RealLivePlumber said:


> Uhh, it will absolutley, positively freeze. Without a doubt. I don't care how much insulation is there.
> 
> Insulation will only DELAY a freeze. It WILL NOT prevent it.
> 
> You can take that to the bank, bud.


So why don't hot and cold water lines freeze then! Ask the Bank that question! hahaha. Don't get all up tight friendly debate here!


----------



## U666A (Dec 11, 2010)

vinpadalino said:


> So why don't hot and cold water lines freeze then! Ask the Bank that question! hahaha. Don't get all up tight friendly debate here!


They do, all the time...

Sent from my iPhone using PlumbingZone


----------



## OldSchool (Jan 30, 2010)

vinpadalino said:


> So why don't hot and cold water lines freeze then! Ask the Bank that question! hahaha. Don't get all up tight friendly debate here!


Yah any water line will freeze regardless if it is insulated or not if the water has time to reach freezing point.... if the water moves periodically then it will not freeze if there is enough insulation.
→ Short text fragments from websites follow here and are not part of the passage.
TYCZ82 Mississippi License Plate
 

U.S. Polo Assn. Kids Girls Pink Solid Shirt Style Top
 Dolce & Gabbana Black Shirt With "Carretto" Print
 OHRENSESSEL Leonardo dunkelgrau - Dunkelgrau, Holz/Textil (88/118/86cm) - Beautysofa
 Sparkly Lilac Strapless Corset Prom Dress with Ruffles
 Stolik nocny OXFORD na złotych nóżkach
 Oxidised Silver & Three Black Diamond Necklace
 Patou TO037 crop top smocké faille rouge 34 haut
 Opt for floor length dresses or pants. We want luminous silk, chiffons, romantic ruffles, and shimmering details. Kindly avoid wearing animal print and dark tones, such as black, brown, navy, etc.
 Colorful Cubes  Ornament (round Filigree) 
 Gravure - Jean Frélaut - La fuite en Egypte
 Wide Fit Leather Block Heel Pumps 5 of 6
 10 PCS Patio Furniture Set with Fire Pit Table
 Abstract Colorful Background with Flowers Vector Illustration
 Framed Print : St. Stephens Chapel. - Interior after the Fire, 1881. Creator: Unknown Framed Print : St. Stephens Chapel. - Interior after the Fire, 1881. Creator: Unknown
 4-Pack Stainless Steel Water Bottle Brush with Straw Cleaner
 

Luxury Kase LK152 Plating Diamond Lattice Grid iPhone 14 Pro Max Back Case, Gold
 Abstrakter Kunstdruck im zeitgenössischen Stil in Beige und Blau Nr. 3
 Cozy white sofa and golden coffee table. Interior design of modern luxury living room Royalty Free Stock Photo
However.... most of our frozen pipes are because there is air leakage in the insulation allowing the freezing air to freeze the pipe....

Boils down to bad insualtion job...

I have had pipes freeze 12 ft inside the house from bad insulation and vapour barrier jobs.. cold air shoot between the floor joist of the finnished ceiling and eventually freezes the pipe and it splits.


----------